Queimadas no Pantanal: do resgate de animais feridos às perguntas sobre o futuro do bioma

Reportagem esteve no local e acompanhou o trabalho de quem está na linha de frente

(Foto: André Souza/O Livre)

Uma placa dá as boas-vindas: “Aqui começa o Pantanal de Mato Grosso”. No Brasil, cerca 65% do bioma fica em Mato Grosso do Sul. A outra porção está em Mato Grosso. É no município de Poconé – a pouco mais de 100 km de Cuiabá – que o Parque Nacional do Pantanal Mato-grossense está situado. A unidade é cortada pela Transpantaneira, estrada de terra com quase 150 km de extensão.

No sábado (19), uma comitiva formada por deputados, senadores e políticos percorreu a rodovia e sobrevoou parte da área. O grupo tinha entre os integrantes jornalistas que foram convidados para acompanhar  a agenda.

Seguimos em um ônibus do Corpo de Bombeiros pela estrada, enquanto a comitiva oficial segue em caminhonetes e carros próprios.

Apesar da biodiversidade e beleza do Pantanal, a visita não tinha motivo de lazer ou de turismo. Por outro lado, o grupo visitou a região no pior cenário de queimadas em 22 anos. Isso porque, até agora, o fogo consumiu 20% do Pantanal brasileiro. Isso significa dizer que quase três milhões de hectares de vegetação já foram atingidos pelas queimadas. Antes disso, o pior cenário havia sido registrado em 1998.

(Foto: André Souza/O Livre)

Portão de entrada para o Pantanal, Poconé é o município do Estado com o maior número de focos de calor durante o período proibitivo deste ano: são 3.557 entre 1º de julho e 16 de setembro.

Com os focos de incêndio, o ‘portal’ é usado agora como base para acolhimento de animais que fogem das chamas. O Posto de Atendimento a Animais Silvestres (PAEAS) fica no KM 17 da Transpantaneira e é o primeiro ponto de parada da comitiva.

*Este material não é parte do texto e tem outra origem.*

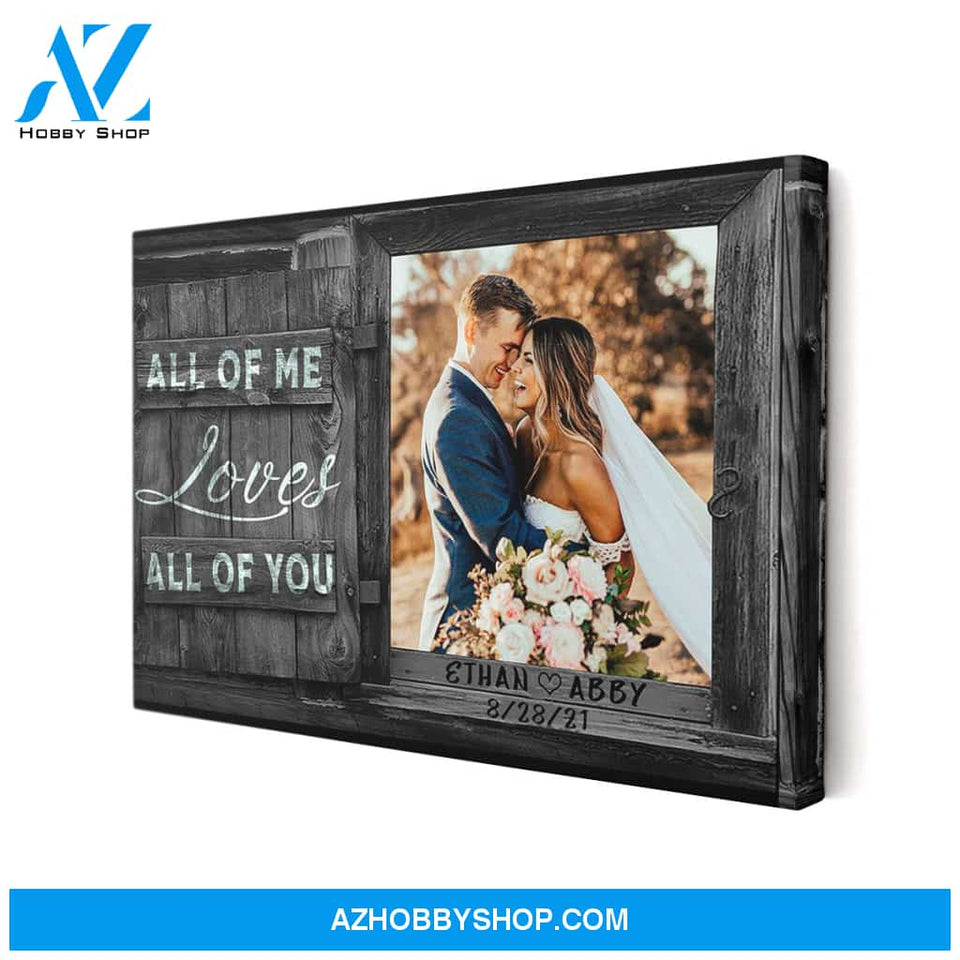 All Of Me Loves All Of You (Dark Rustic/Rustic Wood) Customized Poster/Canvas Prints SUR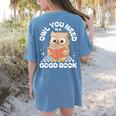 Owl You Need Is A Good Book Teacher Librarian Reading Women's Comfort Colors T-Shirt Back Print Blue Jean Owl You Need Is A Good Book Teacher Librarian Reading Women's Comfort Colors T-Shirt Back Print Blue Jean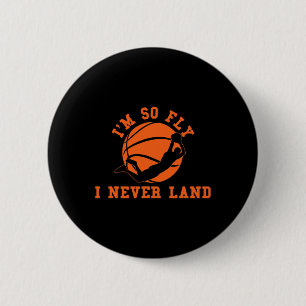 Basketball I'm So Fly I Never Land Bball Player Ba 6 Cm Round Badge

Enquanto políticos são assediados com as perguntas de praxe, a médica veterinária Karen Ramos Ribeiro monitora o trabalho e fica preparada para um chamado que pode vir a qualquer momento. A jovem tem os olhos marejados de sono, que denunciam a rotina de pouco descanso e muito trabalho. Desde o dia 30 de agosto no posto de acolhimento dos animais feridos não há hora para o trabalho. Também não há prazo para ela deixar o local: “Só saio quando a chuva começar”, explica.

(Foto: André Souza/O Livre)

Karen lidera uma equipe que faz varredura em áreas recém-queimadas a procura de animais feridos para resgatá-los e mortos para as futuras pesquisas. A ronda também é feita ao longo da Transpantaneira e em pousadas, quando a equipe recebe ligações de empreendimentos desse tipo.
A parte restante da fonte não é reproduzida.